The company spent millions to upgrade it’s factory a few years ago to manufacture to government standards. If you visit the site there are some manufacturing pictures to view. Free Chinese-made condoms passed out by AIDS groups in Washington, D.C., were the subject of numerous complaints about unreadable expiration dates back in 2007, which was all over the news. It will be interesting to see at a time like this what the outcome will be on this situation. The politics of this are interesting too with a middleman being hired instead of the USAID office dealing directly as they have done in the past.
This man in Cambodia doesn’t care too much as he found the lubricant on the brand he uses to work good with helping him get rid of his acne on his face, so he’s in it for the chemicals. (grin). No word of where the brand he uses is made. BD
At a time when the federal government is spending billions of stimulus dollars to stem the tide of U.S. layoffs, should that same government put even more Americans out of work by buying cheaper foreign products? In this case, Chinese condoms.
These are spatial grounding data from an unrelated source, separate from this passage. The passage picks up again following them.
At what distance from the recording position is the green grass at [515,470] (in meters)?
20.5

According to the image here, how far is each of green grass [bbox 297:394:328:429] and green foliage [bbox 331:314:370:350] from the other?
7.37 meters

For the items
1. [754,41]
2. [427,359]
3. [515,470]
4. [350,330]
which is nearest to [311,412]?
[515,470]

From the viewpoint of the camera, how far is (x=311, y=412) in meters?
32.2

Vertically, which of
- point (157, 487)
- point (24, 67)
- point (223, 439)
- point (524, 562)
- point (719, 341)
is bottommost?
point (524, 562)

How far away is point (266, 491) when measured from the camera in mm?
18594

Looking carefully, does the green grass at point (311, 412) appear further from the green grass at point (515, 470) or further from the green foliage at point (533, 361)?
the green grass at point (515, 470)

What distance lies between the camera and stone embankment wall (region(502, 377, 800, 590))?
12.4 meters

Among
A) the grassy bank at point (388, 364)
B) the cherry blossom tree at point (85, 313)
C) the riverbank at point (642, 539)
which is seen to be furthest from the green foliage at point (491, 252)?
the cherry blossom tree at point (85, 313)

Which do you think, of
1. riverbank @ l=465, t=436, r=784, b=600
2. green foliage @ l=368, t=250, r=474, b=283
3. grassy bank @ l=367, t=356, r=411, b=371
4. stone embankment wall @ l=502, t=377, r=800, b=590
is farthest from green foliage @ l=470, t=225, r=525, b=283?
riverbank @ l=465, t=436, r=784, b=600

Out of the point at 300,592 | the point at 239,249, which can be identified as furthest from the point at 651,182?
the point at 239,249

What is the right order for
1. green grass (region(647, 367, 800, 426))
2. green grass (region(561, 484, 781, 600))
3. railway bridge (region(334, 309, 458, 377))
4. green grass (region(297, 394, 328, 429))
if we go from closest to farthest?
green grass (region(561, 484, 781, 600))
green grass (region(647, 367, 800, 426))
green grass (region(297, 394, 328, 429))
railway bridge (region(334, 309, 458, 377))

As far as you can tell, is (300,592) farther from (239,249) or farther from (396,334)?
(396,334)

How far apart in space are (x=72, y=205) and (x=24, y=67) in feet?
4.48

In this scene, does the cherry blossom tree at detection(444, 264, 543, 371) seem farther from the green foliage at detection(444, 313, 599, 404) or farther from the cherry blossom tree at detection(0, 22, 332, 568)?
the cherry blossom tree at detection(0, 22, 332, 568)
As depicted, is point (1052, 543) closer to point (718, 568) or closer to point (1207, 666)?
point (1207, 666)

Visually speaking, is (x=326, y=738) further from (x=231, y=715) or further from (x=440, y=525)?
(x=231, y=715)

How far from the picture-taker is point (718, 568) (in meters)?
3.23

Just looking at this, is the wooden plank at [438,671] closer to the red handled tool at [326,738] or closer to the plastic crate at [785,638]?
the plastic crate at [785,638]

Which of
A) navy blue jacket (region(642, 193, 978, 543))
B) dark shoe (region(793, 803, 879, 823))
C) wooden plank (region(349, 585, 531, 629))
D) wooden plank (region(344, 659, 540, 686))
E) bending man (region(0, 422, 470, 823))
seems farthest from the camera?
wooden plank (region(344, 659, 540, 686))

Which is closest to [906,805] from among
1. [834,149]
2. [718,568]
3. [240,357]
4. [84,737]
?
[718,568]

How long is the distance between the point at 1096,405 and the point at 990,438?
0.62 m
That’s the dilemma for the folks at the U.S. Agency for International Development, which has distributed an estimated 10 billion U.S.-made AIDS-preventing condoms in poor countries around the world. But not anymore.
In a move expected to cost 300 American jobs, the government is switching to cheaper off-shore condoms, including some made in China. The switch comes despite implied assurances over the years that the agency would continue to buy American whenever possible.
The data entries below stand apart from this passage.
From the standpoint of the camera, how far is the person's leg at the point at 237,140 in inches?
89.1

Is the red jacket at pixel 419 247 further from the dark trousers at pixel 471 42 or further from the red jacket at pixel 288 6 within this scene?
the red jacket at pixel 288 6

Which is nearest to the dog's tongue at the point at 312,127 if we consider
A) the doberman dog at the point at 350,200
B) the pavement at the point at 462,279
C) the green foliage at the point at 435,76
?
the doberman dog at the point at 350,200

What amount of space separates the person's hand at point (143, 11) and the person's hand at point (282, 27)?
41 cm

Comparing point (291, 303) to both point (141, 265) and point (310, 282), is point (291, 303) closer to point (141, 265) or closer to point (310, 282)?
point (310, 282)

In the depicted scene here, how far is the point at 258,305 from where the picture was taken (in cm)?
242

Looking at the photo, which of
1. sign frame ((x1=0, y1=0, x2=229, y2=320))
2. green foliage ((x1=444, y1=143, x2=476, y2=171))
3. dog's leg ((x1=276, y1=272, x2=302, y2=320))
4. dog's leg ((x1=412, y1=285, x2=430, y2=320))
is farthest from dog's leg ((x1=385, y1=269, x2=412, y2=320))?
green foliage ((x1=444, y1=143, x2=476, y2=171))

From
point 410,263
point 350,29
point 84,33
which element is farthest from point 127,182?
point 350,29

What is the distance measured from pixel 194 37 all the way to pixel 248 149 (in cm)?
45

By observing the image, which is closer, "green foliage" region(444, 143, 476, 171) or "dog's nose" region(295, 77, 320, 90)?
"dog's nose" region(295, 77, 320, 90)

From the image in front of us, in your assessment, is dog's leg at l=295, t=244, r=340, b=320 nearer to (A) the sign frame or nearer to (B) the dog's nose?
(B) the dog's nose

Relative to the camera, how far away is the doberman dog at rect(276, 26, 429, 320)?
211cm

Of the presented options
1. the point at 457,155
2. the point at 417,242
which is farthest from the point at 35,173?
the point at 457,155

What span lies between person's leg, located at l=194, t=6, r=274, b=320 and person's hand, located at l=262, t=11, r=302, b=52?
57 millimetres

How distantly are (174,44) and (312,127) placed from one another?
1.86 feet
In fact, the government is close to accepting condoms from two offshore companies: Unidus Corp., which makes condoms in South Korea, and Qingdao Double Butterfly Group, which makes them in China.
Alatech officials and others, however, maintain there is more than just American jobs at stake. There is a health and quality issue, too.
The problems with Chinese products — including pet food, toys, toothpaste, drywall and more — have increased to the point where many consumers are now wary of the ubiquitous “made in China” label. Alatech formally protested the federal contract going to its foreign competitors. But on March 9, the Government Accountability Office rejected the complaint, noting that it lacked jurisdiction in the case.